Problem to work on:
Without copying any picture, return all lines below exactly.
**** Collected data ****
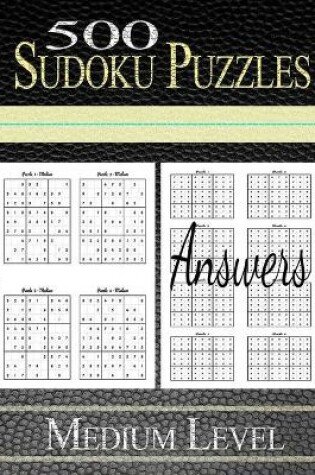 Cover of 500 Sudoku Puzzles Medium Level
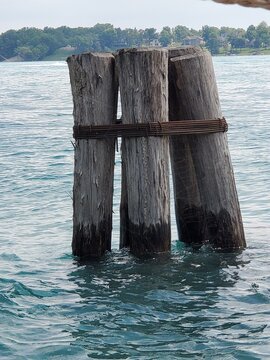 Dock poles
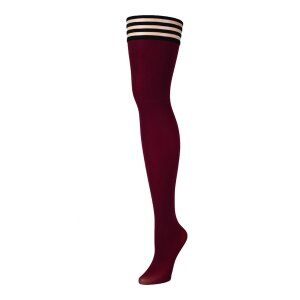 Kixies Heather hold-up stockings red S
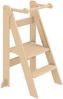 Bellabino 'Tay' Lernturm für Kinder ab 1 Jahr, Tritt 2-fach höhenverstellbar, natur, Birke Sperrholz, klappbar, Tritthocker bis 50 kg belastbar Bild 2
****
Result of the exercise:
 Cover of 500 Sudoku Puzzles Medium Level
 Dock poles
 Kixies Heather hold-up stockings red S
 Bellabino 'Tay' Lernturm für Kinder ab 1 Jahr, Tritt 2-fach höhenverstellbar, natur, Birke Sperrholz, klappbar, Tritthocker bis 50 kg belastbar Bild 2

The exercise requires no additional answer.